Source material
+ + + +
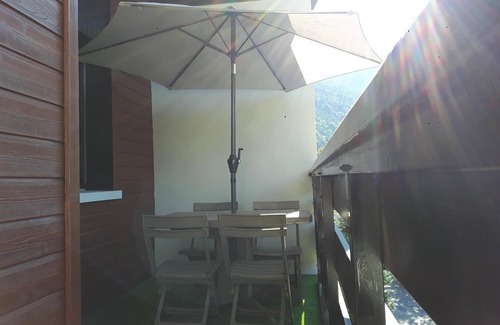 Samoens Apartment | Rent Beautiful Appart 2/4 Pers renovated in Samoëns (Private Concierge Optional)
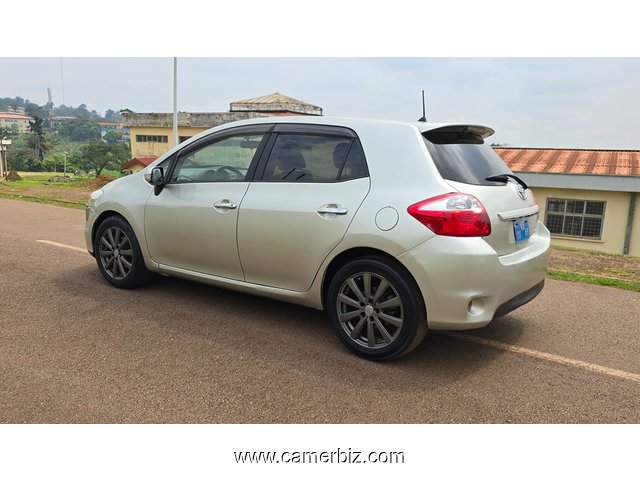  2012 Toyota AURIS Automatique a vendre à YAOUNDE.  - 35030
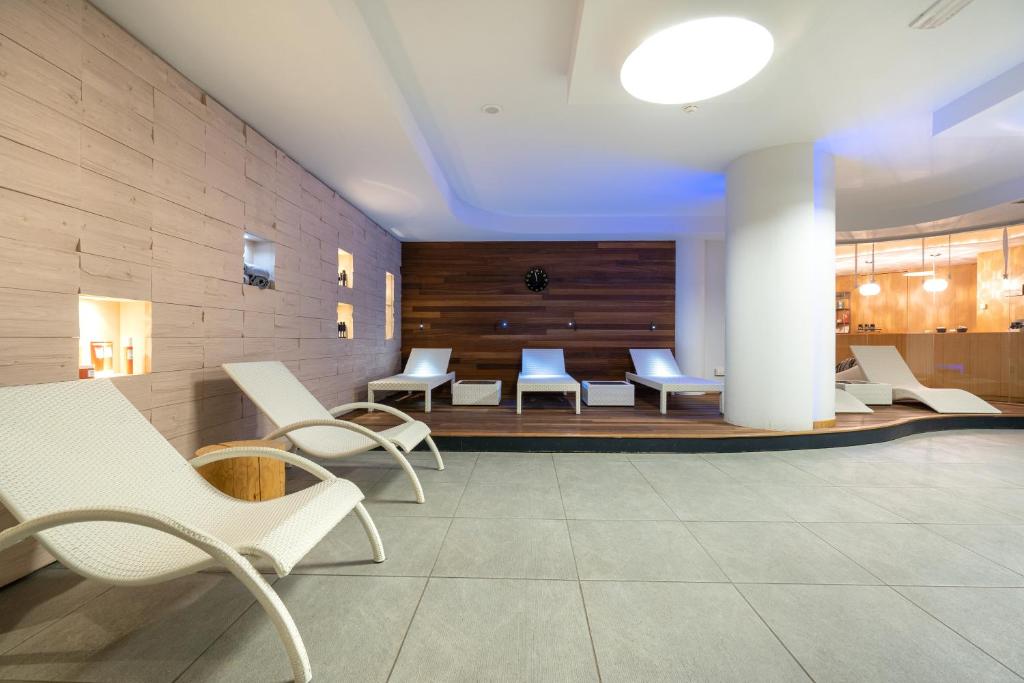 Część wypoczynkowa w obiekcie Hotel Chalet Del Brenta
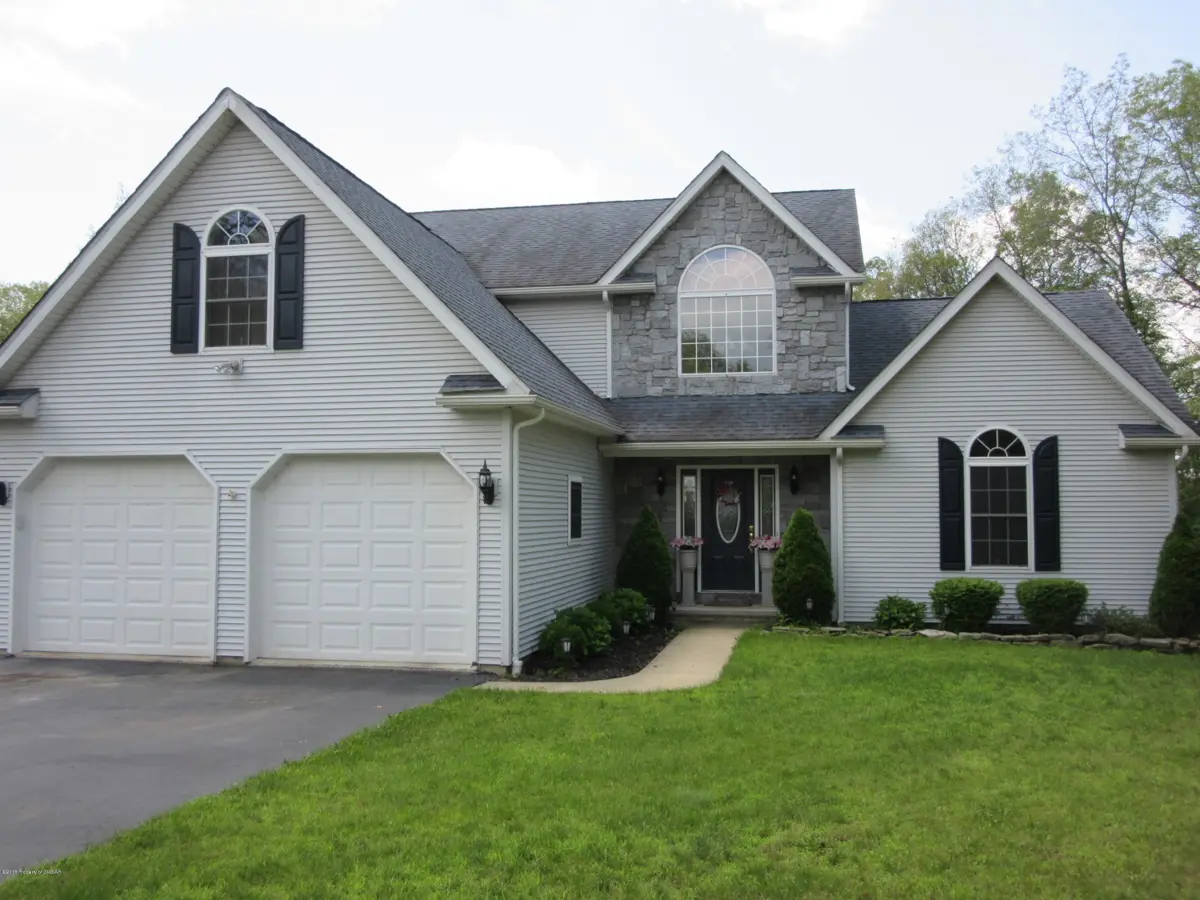 315 Oakmont Lane, Mountain Top in Mountain Top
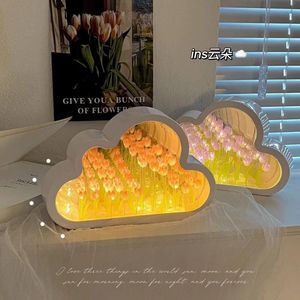 Regalo Creativo, Espejo de Tulipanes Hecho a Mano, Luces Nocturnas LED Modernas con Batería AAA para Dormitorio - Product Image 6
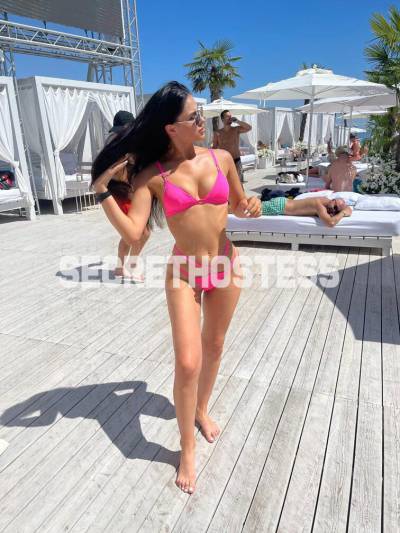 22 year old Asian Escort in Philadelphia PA Yana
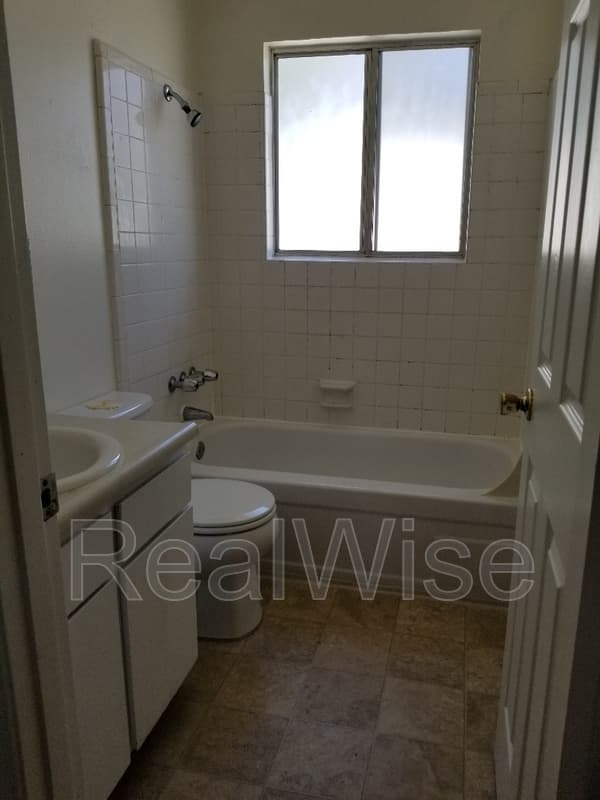 Grants Pass Townhome: 1112 SW 5th St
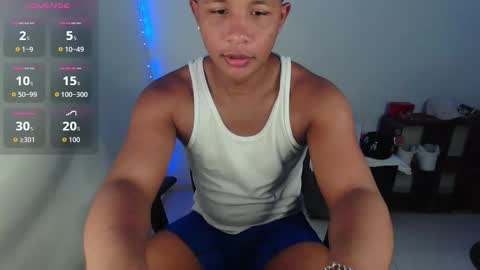 Snapshot of goos_cum chatting on 11/05/25, 02:17 Goos online show from 11/05/25, 02:17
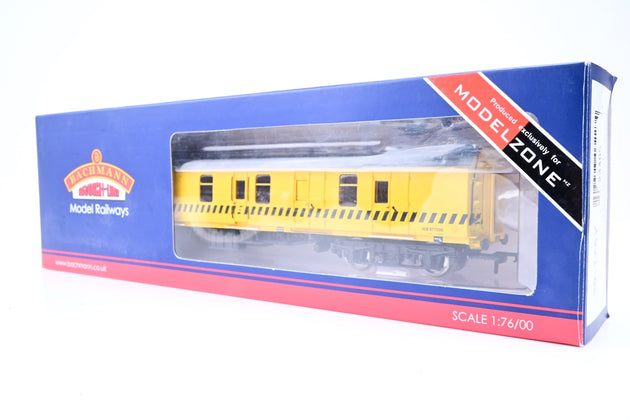 Bachmann OO Gauge 39-175Y BR Mk1 BG Coach Network Rail Yellow  - No.ABD977096 - Boxed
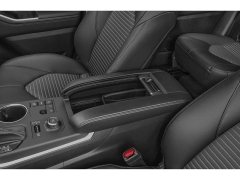 Used 2023  Toyota Highlander FWD (Natl) at CarloanExpress.Com near Hampton, VA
+ + + +
Instructions for the task
Could you reproduce exactly, and only, the lines from the one containing "Grants Pass Townhome: 1112 SW 5th St" through the end of the records above, both included, while leaving out the pictures?

Output for this task
 Grants Pass Townhome: 1112 SW 5th St
 Snapshot of goos_cum chatting on 11/05/25, 02:17 Goos online show from 11/05/25, 02:17
 Bachmann OO Gauge 39-175Y BR Mk1 BG Coach Network Rail Yellow  - No.ABD977096 - Boxed
 Used 2023  Toyota Highlander FWD (Natl) at CarloanExpress.Com near Hampton, VA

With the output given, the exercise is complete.